Vino
Imagen de un decantador de vino sirviendo en una copa. GTRES

Beber una copa de vino es una de las experiencias más placenteras que hay, pero no solo no vale cualquier vino, sino que para servirlo de manera perfecta hay que seguir unas pautas y una de ellas es airear bien la bebida antes de servirla.
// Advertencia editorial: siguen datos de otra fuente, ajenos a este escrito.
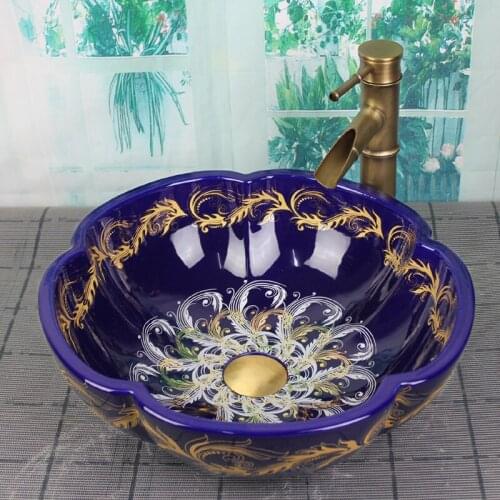 Bathroom Porcelain Ceramic Vessel Sink Basin round Wash Basin Lavatory artificial basin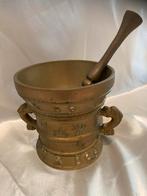 Apothekers vijzel brons met randschrift 1559 reproductie, Ophalen of Verzenden, Brons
Existen tres motivos para airear o decantar el vino, explica en un reportaje Gizmodo. El primero es separar los posibles sedimentos que haya en el contenido de la botella, sobre todo si se trata de un vino de larga crianza. El segundo motivo es eliminar ciertos malos olores que haya en la botella. Al entrar en contacto con el oxígeno, los olores desaparecerán para dar paso a los aromas del vino. El tercer motivo es potenciar el olor de la bebida. Este motivo es más importante cuando se trata de vinos jóvenes. Tienen una intensidad aromática más leve, por lo que aireándolos la potenciamos.

Un elemento casi fundamental para airear un vino es usar un decantador, pero ni siquiera este paso es sencillo. El experto consultado por Gizmodo, Omar Bravo, explica que hay que inclinar la botella a 45 grados, echando el vino poco a poco. Un truco es poner una vela debajo para ver si los nitratos se quedan en el culo de la botella. Otro consejo es hacerlo despacio, de modo que los sedimentos no pasen al cuello de la botella. Por último, evitar que el vino caiga desde una altura superior a 5 centímetros de alto, para que la caída sea fluida y no se produzcan burbujas.